Media dialogue in progress in Gulu. Meanwhile internationally renowned social media commentator Dr. Nyanzi languishes in regime prison.
“There is this new social media where everybody is crazy about scoop. Don’t you think that what happened to Dr. Stella Nyanzi can affect any other person in Uganda?”
“You have no absolute freedom. Don’t include political sentiments and opinions which are not balanced. You will lose one hundred percent trust because you will create conflict. You have no immunity to the laws of Uganda.”
GULU-UGANDA: As the world prepares to celebrate World Press Freedom Day on May 3, 2017; media watchdog – Reporters Without Borders, reports that eight journalists, two “Netizens” and one media assistant has so far been killed worldwide in 2017 alone.
Netizens is a portmanteau of the words “Internet and Citizens” as in “Citizens of the Net”.
The report further says 193 journalists, 166 netizens and 10 media assistants were imprisoned since the year began.
No wonder, therefore, that, the Global Theme for celebrating this year’s World Press Freedom Day has been chosen to be: “Critical Minds for Critical Times: media’s role in advancing peaceful, just and inclusive societies”.
The issue of safety of journalists and the issue of impunity by perpetrators who violate press freedom is critical here.
In Uganda, the day will be marked under the theme: “Freedom of Expression and Freedom of Information to foster more inclusive societies”.
Ugandans also remember April 14, 2017 as a tragic day for netizens because this is when a popular critic of Gen. Museveni had been incarcerated because she allegedly insulted the person of the President when she called him “a pair of buttocks” in a Facebook post. She was implying that his words are worth the vapor released from rear ends.
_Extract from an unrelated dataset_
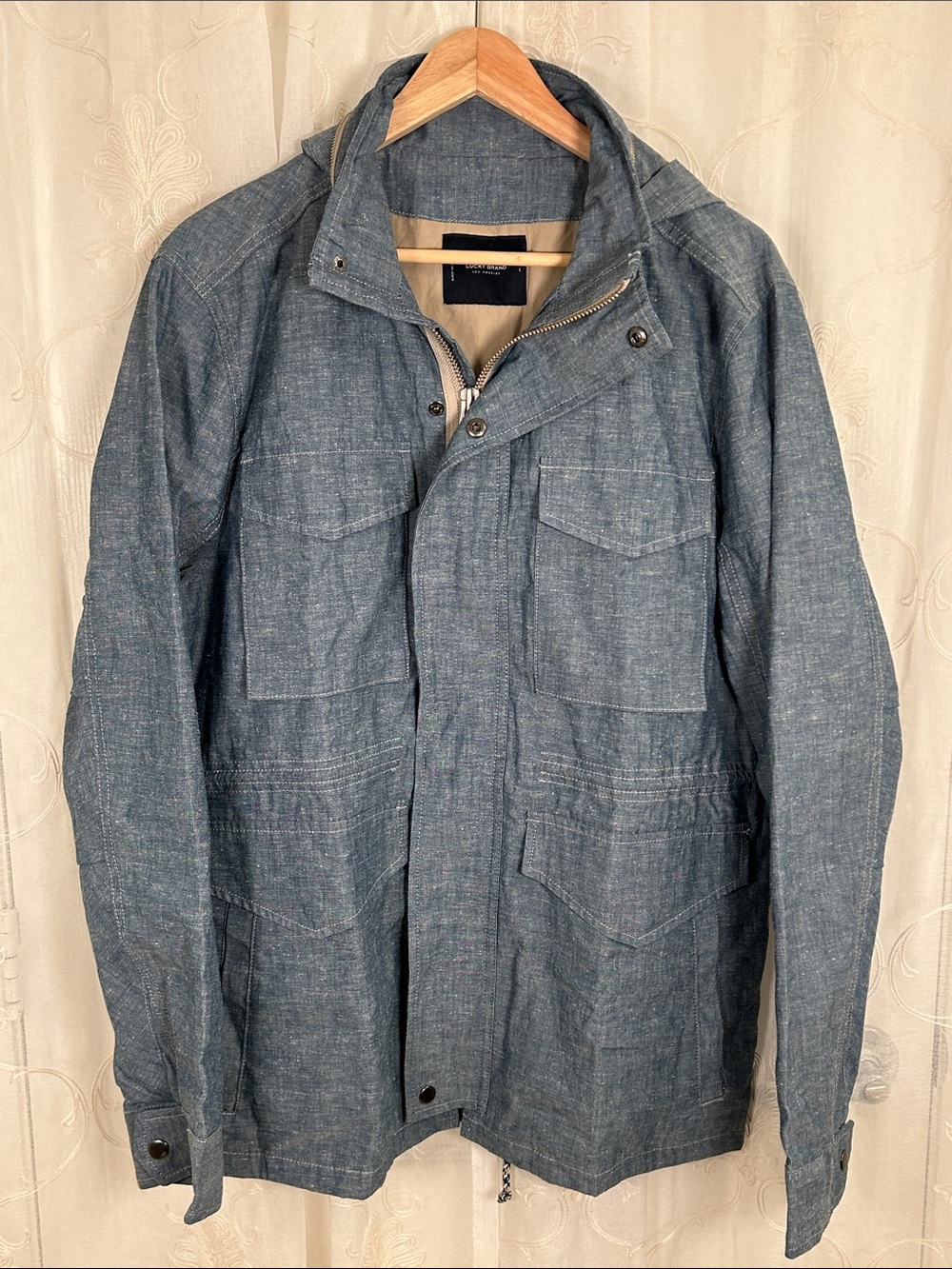 NWT Lucky Brand Men's Blue Chambray Military Field Jacket Hooded Coat Large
Dr. Stella Nyanzi bore the wrath of the First family after first criticizing go Ms. Janet Museveni, wife to Gen. Museveni and Minister of Education. Ms. Museveni, told the nation that government does not have the money to provide free sanitary pads to school pupils. This was a presidential pledge President Museveni made in the 2016 campaign; Dr. Nyanzi said the government was reneging because millions of dollars in public funds are embezzled.
Shortly after the announcement by Ms. Museveni, Dr. Nyanzi started using social media to raise money to buy sanitary pads and distribute them to primary school girls, a move which did not go down well with government whose failings were exposed nationally. Dr. Nyanzi’s campaign also attracted international media attention.
https://www.hrw.org/news/2017/04/27/effort-silence-ugandan-feminist-firebrand-speaks-volumes
Dr. Nyanzi was on Thursday denied bail after her latest court proceeding.
http://www.aljazeera.com/video/news/2017/04/uganda-court-refuses-bail-jailed-activist-170427053958827.html
Her case was on the minds of most people who attended this event in Gulu, to mark upcoming World Press Freedom Day. The designation of May 3, as a date to celebrate the fundamental principles of press freedom was in December 1993, by the United Nations General Assembly.
It is for this very reason that Uganda Human Rights Commission (UHRC), African Centre for Media Excellence (ACME) and Northern Uganda Media Club (NUMEC) organized a regional pre-World Press Freedom Day dialogue for multiple stakeholders to discuss the state of the media today, on April 26, 2017 in Gulu.
The U.S. Mission in Kampala sponsored the dialogue. Similar dialogues were also taking place in Western and Eastern Uganda.
In Gulu, the dialogue was held under the theme: “Freedom of expression and freedom of information to foster more inclusive societies”. Former Commissioner of information, now Gulu University don, Dr. Okullu-Mura, asks if what has happened to Dr. Nyanzi may not affect any other Ugandan.
“Although rights to access of information and freedom of expression are guaranteed in the 1995 Uganda Constitution, we are guided that this right is not absolute. Your right stops where my right starts”, says Dr. Okullu-Mura, in his keynote exposé.
“There is this new social media where everybody is crazy about scoop. Don’t you think that what happened to Dr. Stella Nyanzi can affect any other person in Uganda?”
He says since 1952 when the electronic media (mostly radio) was introduced in Uganda by our colonial masters, owners of media outlets dictate how we disseminate our issues by censoring the content of what we disseminate.
The District Police Commander, Mr. Martin Okoyo, observed that although the police in Gulu are committed to respecting journalists because they are important agents of society, they should report with responsibility.
“You have no absolute freedom. Don’t include political sentiments and opinions which are not balanced. You will lose one hundred percent trust because you will create conflict. You have no immunity to the laws of Uganda”, says Mr.Okoyo.
Another discussant, Mr. Martin Alliker, from the civil society organization, challenged journalists to be a voice of the voiceless by not allowing their writings to be determined by few individuals because the right to freedom of expression is enshrined in the 1948 declaration of human rights.
“As long as we subject ourselves to a few individuals to make decisions, then we are heading for trouble. The truth will set us free. You are the conscience of the common man”, says Alliker.